The root problem from my point of view is this, and it's mainly a Buddhist thing: there is only change. Attachment to things that must by their nature do nothing other than change will create suffering. It’s as true in business as it in all other parts of life.

Now, this is not to say that I have this issue sorted, or even that I’ve achieved any peace with it, but whenever I notice that my worrying has been triggered I also notice that I was really attached to something that changed on me. There are palliatives that I can use to sort of ease the blow, but the root issue is that I attach myself to something and it moves, and I’m always upset about it.

I’m lucky enough to have a healthy business, and most months we see a steady rhythm of work. It even gets kind of tranquilizing with its consistency. But in the summer and around the holidays, stuff drops off, sometimes precipitously. Yes we can plan ahead and be ready for it, but somehow that never alters the suffering that comes about from the pain of change. So the thing to do here I think is to learn how to live with more flexibility and grace in the face of change.
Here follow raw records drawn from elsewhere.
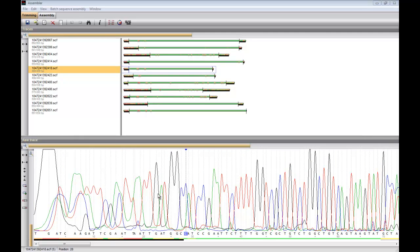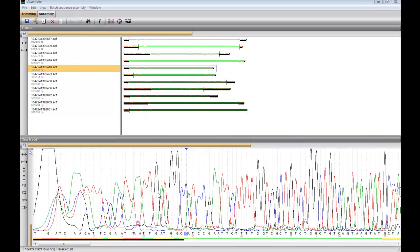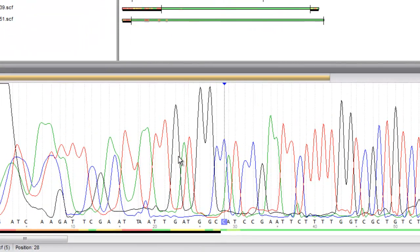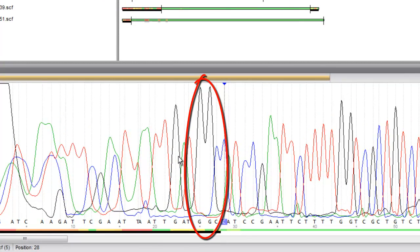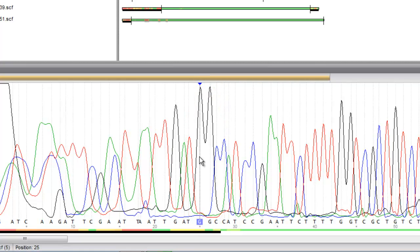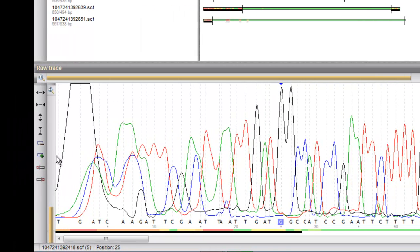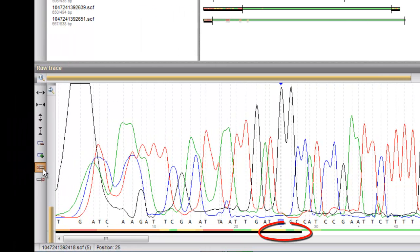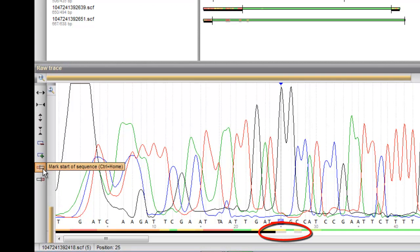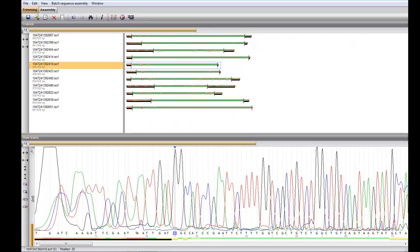Trimming ends can be adjusted manually. If I don't want these two black peaks to be trimmed off, I click on the first black peak and on Mark start of sequence. The black bar is removed from under the black peaks, meaning that they will no longer be trimmed off. The same goes for adjusting the end of a sequence.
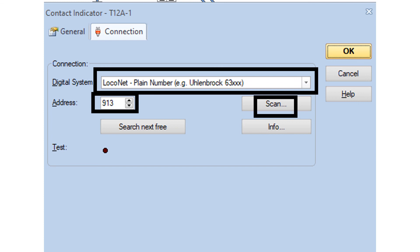Now let's go back to the block editor screen to enter the contact indicator information for the new blocks T12A through T12D, which use the BD4N. When using the BDL168, a Digitrax device option appeared in the digital system space. Not so when using the Digitrax DS64 — for some reason, when using a DS64 for detection instead of a BDL168, you have to pretend the DS64 is an Uhlenbrock 63XXX something or other. Uhlenbrock is another DCC system which uses Loconet. Once I figured that out, all I needed to do was enter the sensor number reported by Loconet Monitor for block T12A, which was 913, omitting the 'LS' prefix. For blocks T12B, C, and D, I would input addresses 915, 917, and 919.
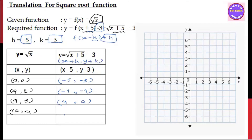Now, we have 16 plus 5 numbers. 16 plus 5 is 11. And then 4 plus 4, 3 plus 1 is 11, 1. So, there are 16 numbers.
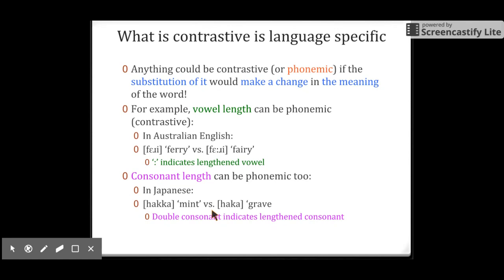What is contrastive is language-specific. For example, tone in English is not contrastive — we just heard the six different mehs with different tones, but English is not a tone language. Some languages use vowel length as a phonemic parameter. For example, in Australian English, two words may only differ in vowel length. And in Japanese, consonant length can be phonemic as well — a double K sound and a single K sound have different meanings.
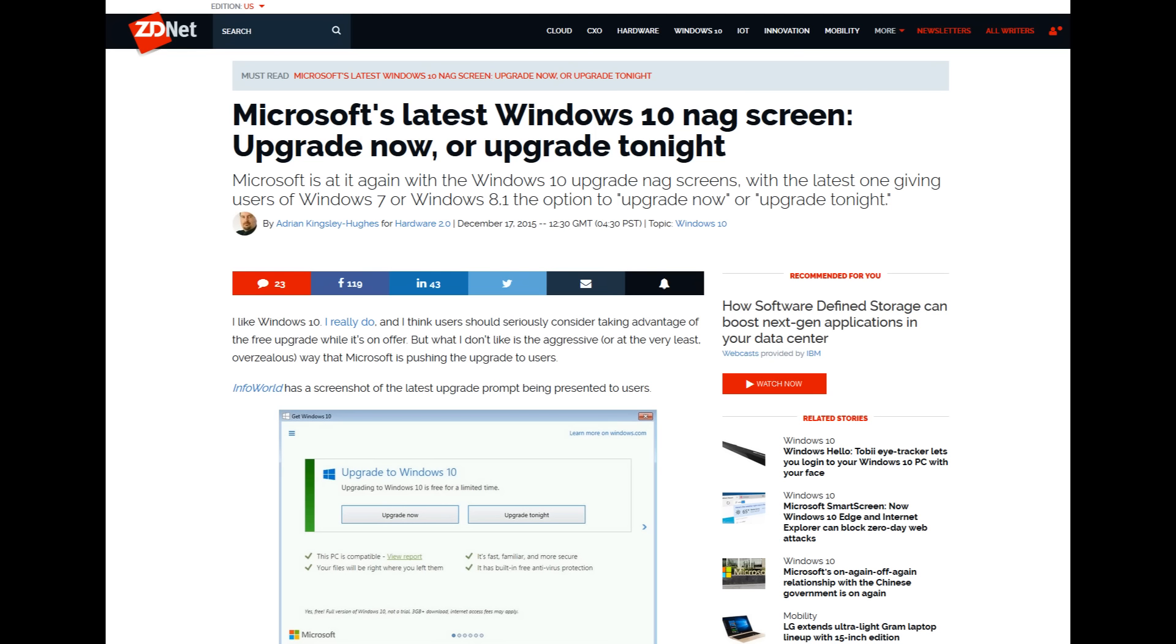Or downgrade back to those operating systems either through Windows 10's downgrade feature, which only gave you a month time window to do it, or by using a Windows CD to do a clean install, which causes you to lose all your files unless you back up your information.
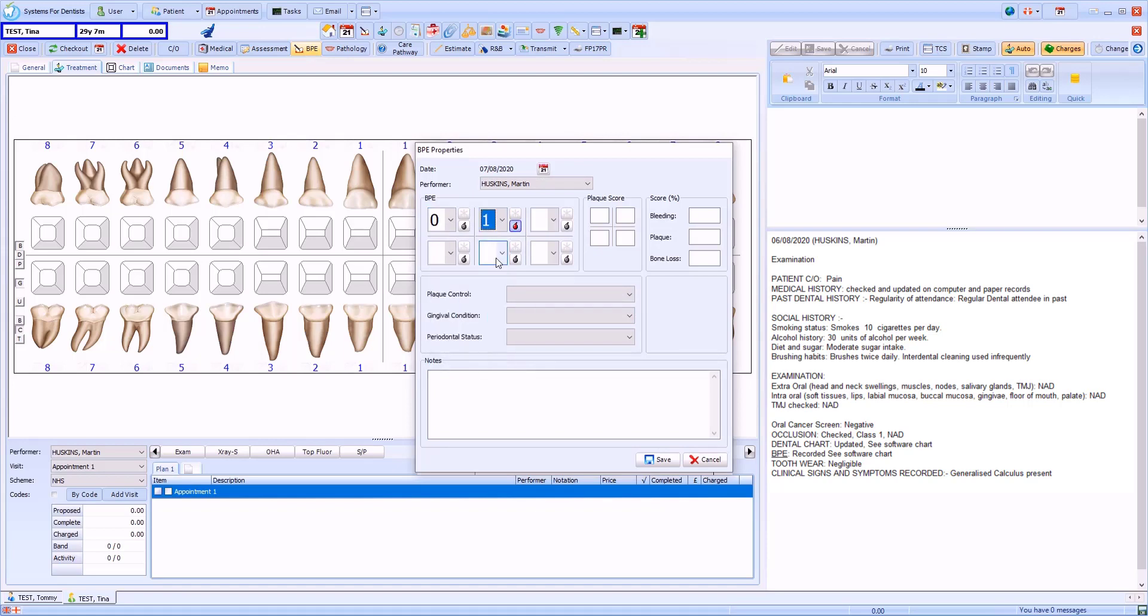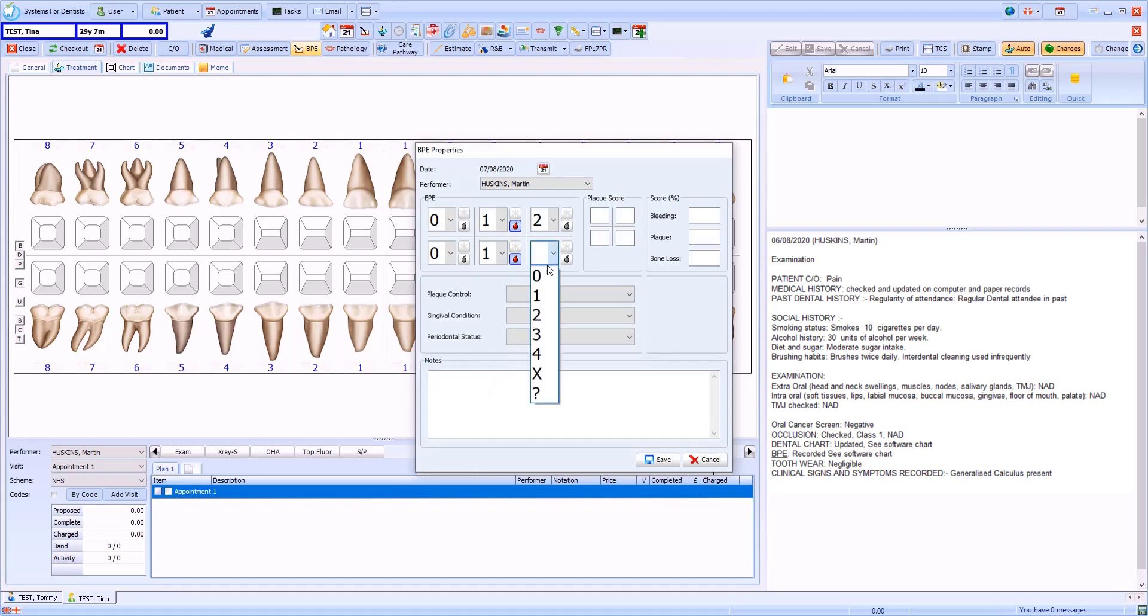Note that if you enter a value of 1, the presence of bleeding is automatically marked. You can also select this for other values if required. The star icon allows you to indicate the presence of furcation.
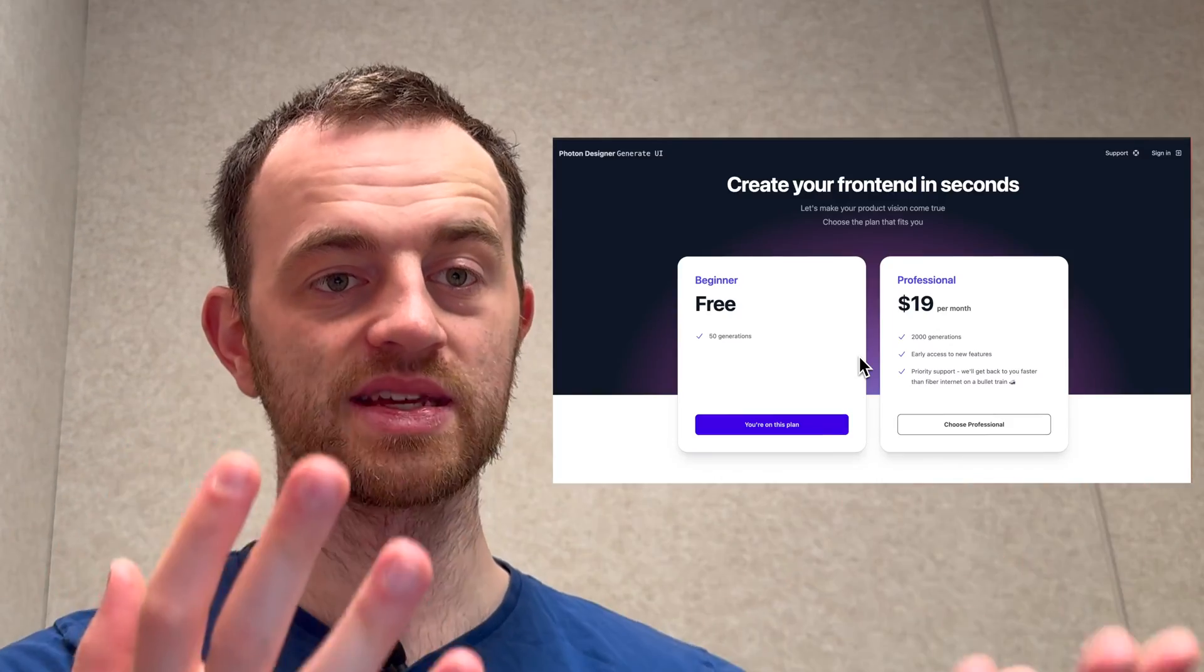Tom here. Welcome back to the channel. I'm going to show you how to add Stripe subscriptions to Django and we'll add the minimal amount of code to get our Stripe subscriptions up and running, making payments for our site.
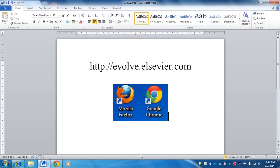This tutorial video is going to show you how to log on to the Evolve website for Allen College. This Evolve website is an online course software, and it is actually provided by our book publisher Elsevier.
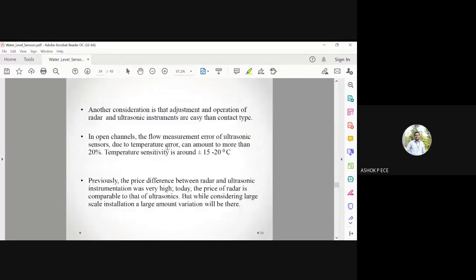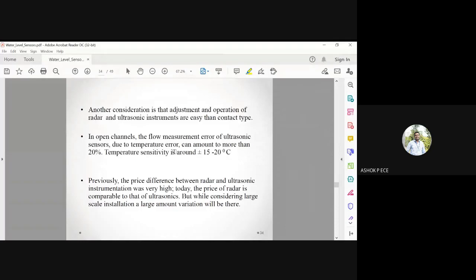Ultrasonic-based measurement can have temperature sensitivity errors of around 20 percent, making it error-bound in some cases. Initially, radar systems were very costly compared to ultrasonic sensors, but with technology improvements the prices have become almost the same. So when performance is critical, radar is now a cost-competitive and superior choice.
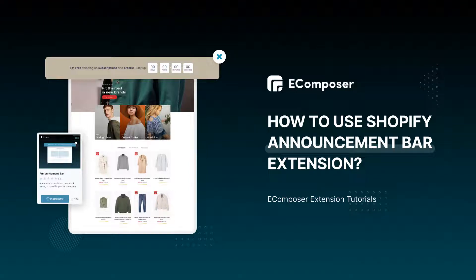Hi, I'm Eric from EComposer Shopify Page Builder. Welcome to EComposer extension tutorials. Today, I will share with you how to show the announcement bar on your Shopify store using the EComposer extension.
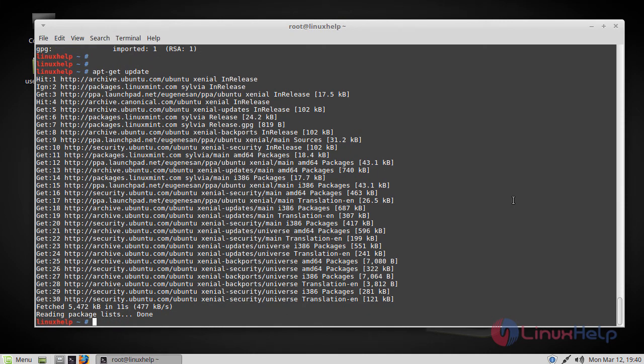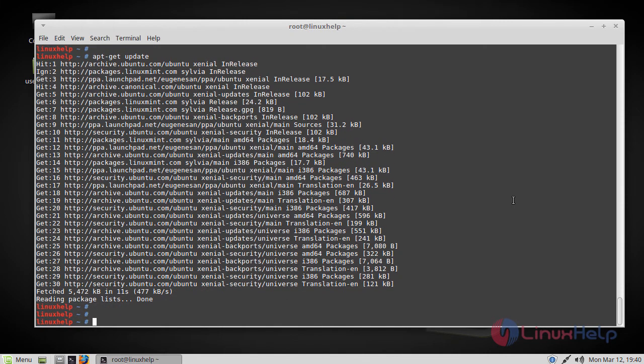Now after the repositories are updated, we can directly install GCC using the following command.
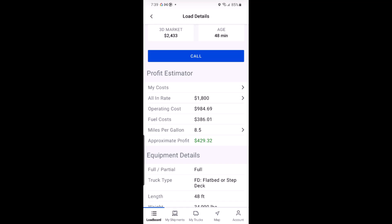Make more informed decisions about the loads you book. Stay informed and stay profitable.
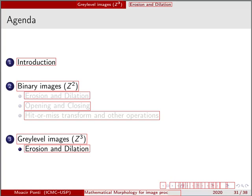As a last video of this series of morphological operators, I'm going to briefly comment about the operators erosion and dilation in gray-level images.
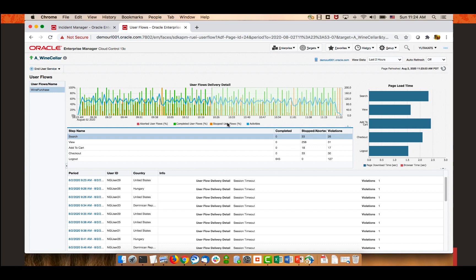The graph shows a stable load with a similar amount of completed and uncompleted flows throughout the time period. In the middle of the page, the step name section shows how many visitors completed the flow — 645 — and how many left without buying anything, along with which page they left from. Most users left at the second step, implying many visitors did not find the product they wanted to purchase. At the third step, add to cart, 18 users left the flow — they added a product to the cart but did not proceed to purchase. Additionally, 17 of them had some violations, so I want to investigate further.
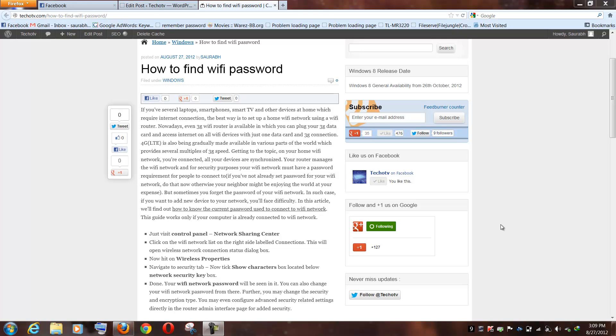Hello friends, here in this video guide I will tell you how to find your current WiFi network password if you have forgotten the same.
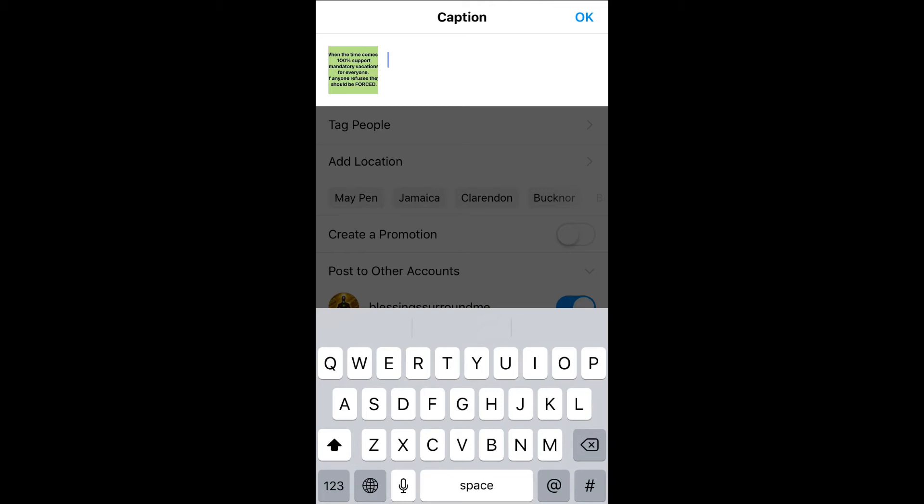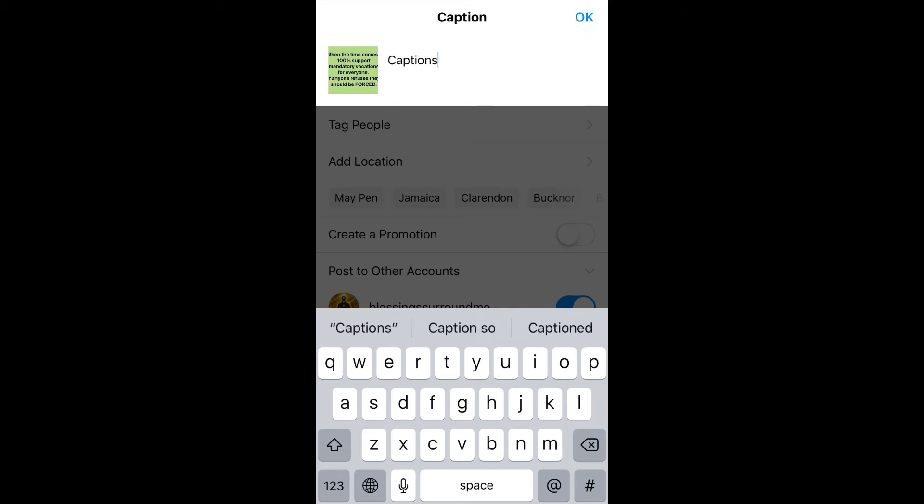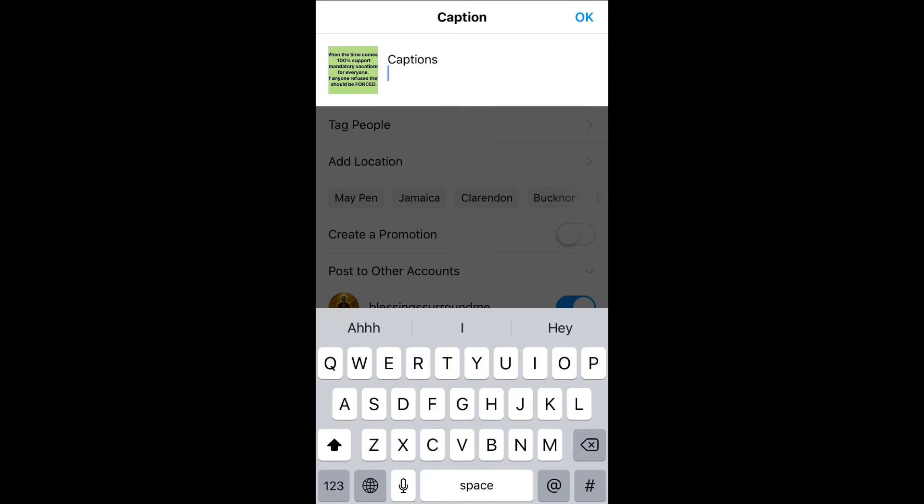Then you're gonna press 123 in the bottom left hand corner, then you're gonna press return in the bottom right hand corner. And as you can see there, that gives you the space.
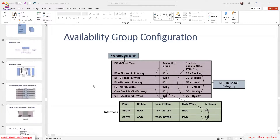Last time what we did is we created warehouse tasks manually. We created warehouse tasks and even for the final storage bin we selected manually, so the system was not proposing any bins for us to put our product. That's because we didn't set any put-away strategies, so the system is not giving any strategies.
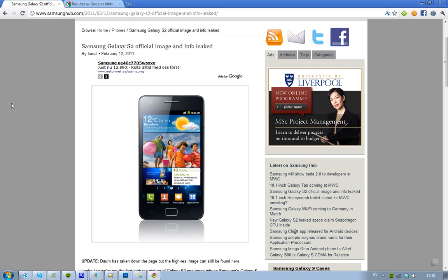This is a leaked info image, and it's kind of awesome actually because it looks kind of like the iPhone 4.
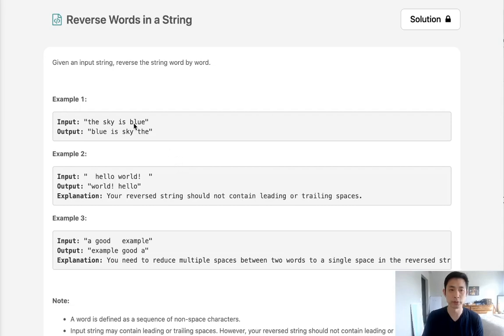Welcome to July's LeetCode challenge. Today's problem is reverse words in a string. Given an input string, reverse the string word by word.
But what to do when the change is sudden, unexpected, and big? And your team is looking to you for reassurance? There was a time not too long ago when three of our biggest client engagements, for reasons totally unrelated to our relationships or the quality of our work, dropped off a cliff. Boom. No amount of preparation could have gotten us ready for such a change. We were naked in the face of it. The only possible thing to do was to try and remain centered and composed and then steadily work our way through the problem. At that moment I was deeply and urgently regretting that I had not worked more diligently on internalizing some of the truths I’ve found in Buddhism and other religions. Certainly I could have been better prepared, equipped with some sort of inner calm, greater flexibility and a greater sense of humor and resilience. In fact, the situation was quite useful insofar as it was so extreme that it was ridiculous, almost hilarious. It was absurd how bad things got and how quickly they got there. But in that absurdity was a gift. A lesser challenge might have been met by more palliative approaches, more bandaids. But when you get your legs lopped off, there's really no bandaid. There is only your internal fortitude, flexibility and patience to rely on. And hopefully a vision of how different things could be if you embrace the situation instead of struggling against it.

So I’m taking this summer as an opportunity to reflect on my attachments in my business and in my life, and how they only bring suffering. I hope you’ll do the same. Think on how you can remove or reduce these attachments, but at the same time think on how you might increase your internal flexibility and capacity for change. The technology business is nothing if not constantly changing, and the better we can get at calmly and maybe even happily accepting that fact, the better things will be for us, our teams, and our companies. And once you make some progress with this, please give me a holler and tell me how you did it. Because I'm not there yet!